Para los investigadores, las consecuencias prácticas son reales. Los comités de becas y los administradores universitarios citan cada vez más los anuncios sobre capacidades de la IA al tomar decisiones sobre dónde dirigir los recursos. Si se percibe que la IA ha «resuelto» problemas en los que trabajan departamentos enteros, esa percepción —aunque sea errónea— afecta a la contratación, la financiación y el argumento público a favor del apoyo a la investigación matemática humana.
«La integridad de las matemáticas depende de la demostración, no de la proclamación.»

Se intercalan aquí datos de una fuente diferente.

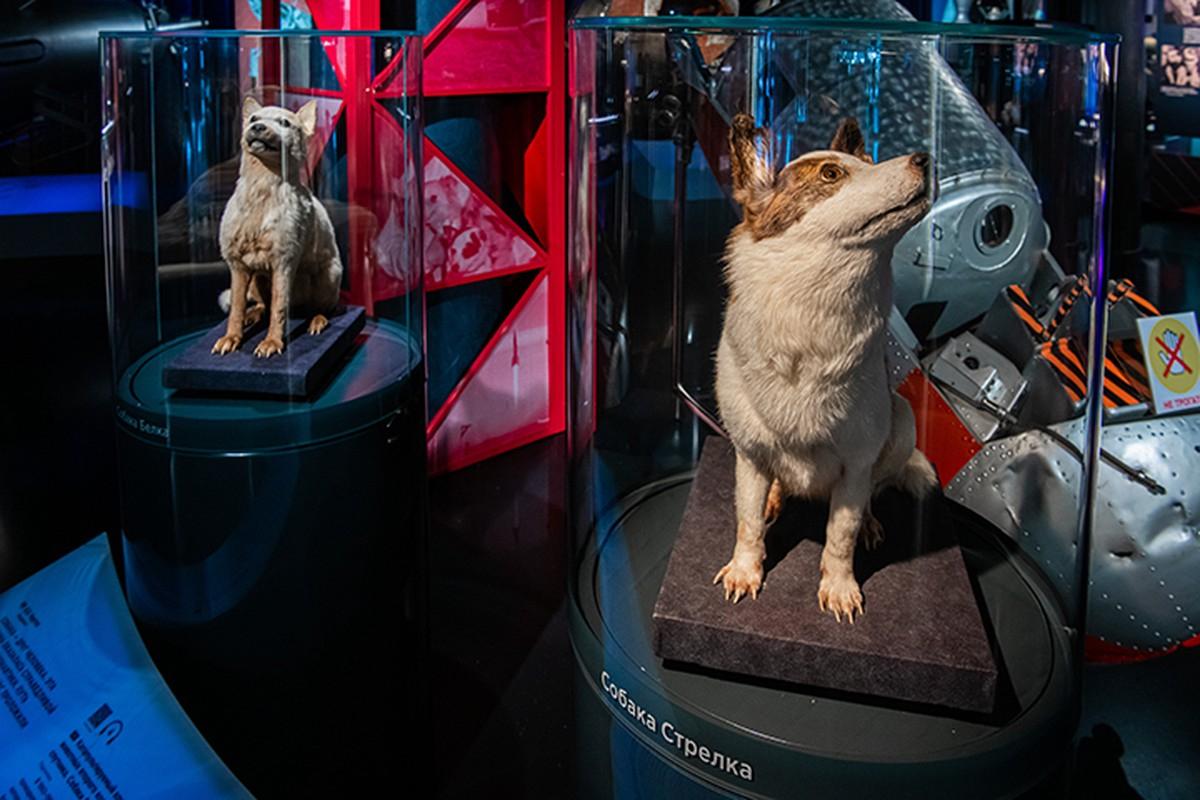 Раскрыты неизвестные подробности подготовки Белки и Стрелки к космическому полёту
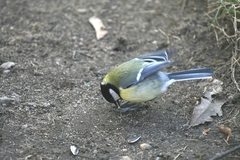 Parus major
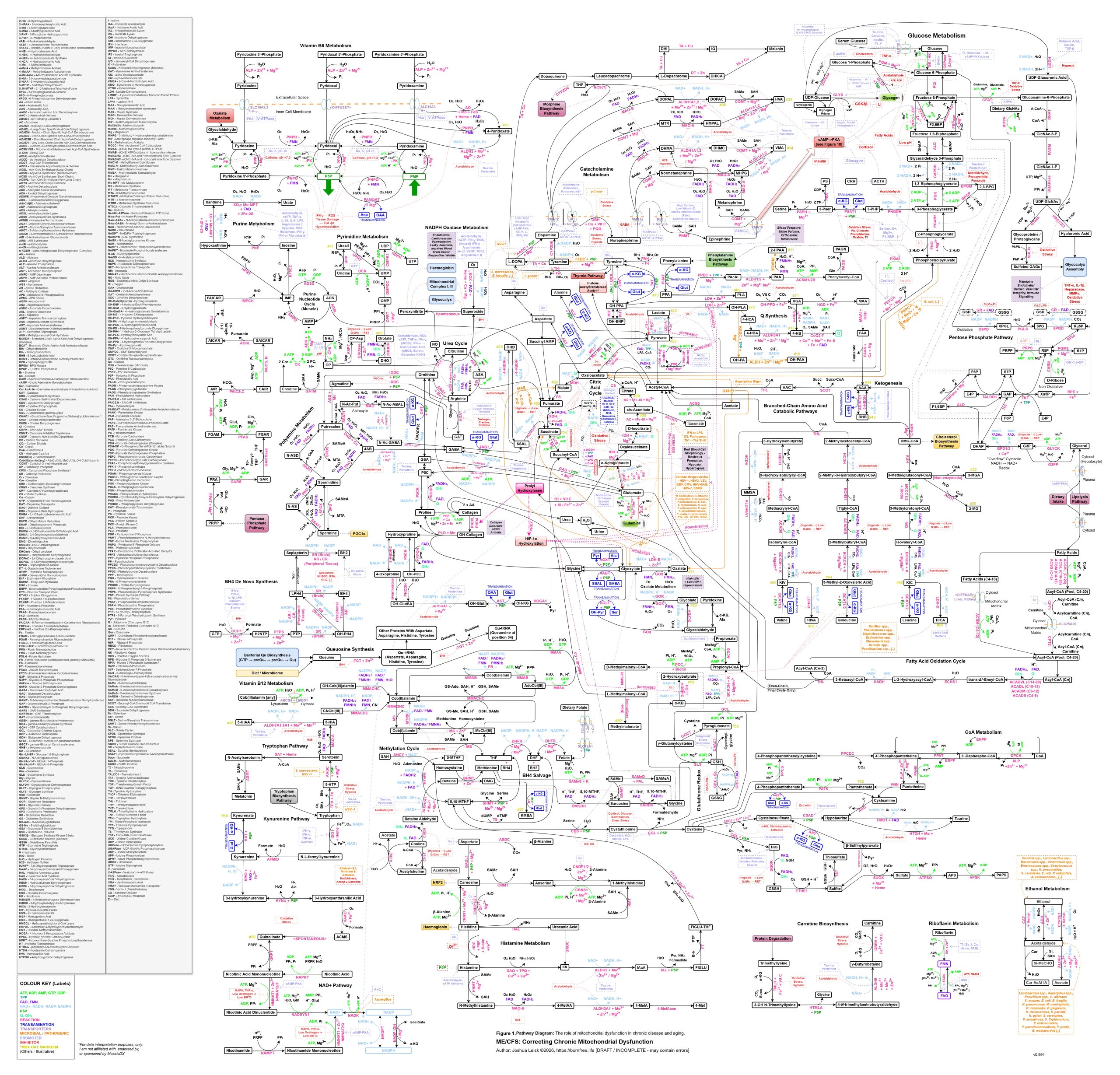Mito-ComplexMapv2-WIP2026-4-27-HighRes
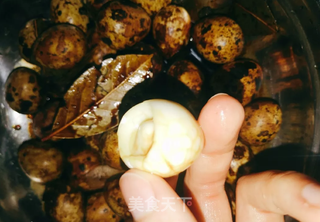 自制卤鹌鹑蛋的做法步骤:7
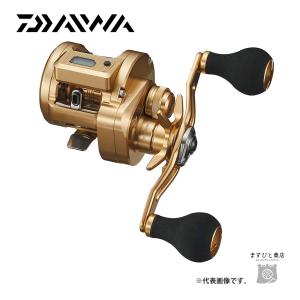 DAIWA（釣り） ダイワ 15キャタリナ BJ100P−RM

— Firmantes de la carta abierta, según lo informado por TechCrunch
Para los creadores de arte con IA, este conflicto puede parecer lejano, pero apunta a un problema estructural que afecta a todas las partes del ecosistema de la IA: la brecha entre lo que los proveedores anuncian y lo que realmente ha sido validado. La misma dinámica se repite en la generación de imágenes: las afirmaciones sobre fotorrealismo, fidelidad al prompt o precisión de estilo superan con regularidad lo que confirman las pruebas independientes. Cuando los laboratorios establecen sus propias métricas de éxito, los usuarios y creadores se ven obligados a calibrar sus expectativas según el material de marketing en lugar de benchmarks reproducibles.
La carta de los matemáticos es inusual porque proviene de un campo con criterios de éxito excepcionalmente claros. Una demostración o bien resiste el escrutinio o no lo hace. La mayoría de los dominios de capacidad de la IA —producción creativa, calidad del razonamiento, coherencia artística— carecen de esa claridad, lo que hace que las afirmaciones exageradas de los proveedores sean más difíciles de rebatir y más fáciles de sostener.
El Clay Mathematics Institute, que administra los Premios del Milenio, tiene su propio proceso de revisión: una solución propuesta debe publicarse en una revista revisada por pares y luego sobrevivir dos años de escrutinio experto antes de que se otorgue cualquier premio. Ninguna demostración generada por IA ha entrado en ese proceso para ninguno de los siete problemas. Ese es el número que importa, y es el que tiende a quedar enterrado bajo los titulares de los anuncios.
Para los creadores que evalúan herramientas de IA —ya sea para generación de imágenes o cualquier otra aplicación—, el rechazo de los matemáticos es un recordatorio útil de mirar más allá de los anuncios de lanzamiento y fijarse en lo que ha sido probado, replicado y verificado por partes sin ningún interés en el resultado. La carta abierta puede no resolver el conflicto, pero ha forzado una rendición de cuentas pública que la industria de la IA rara vez enfrenta por parte de una comunidad con tanto peso técnico.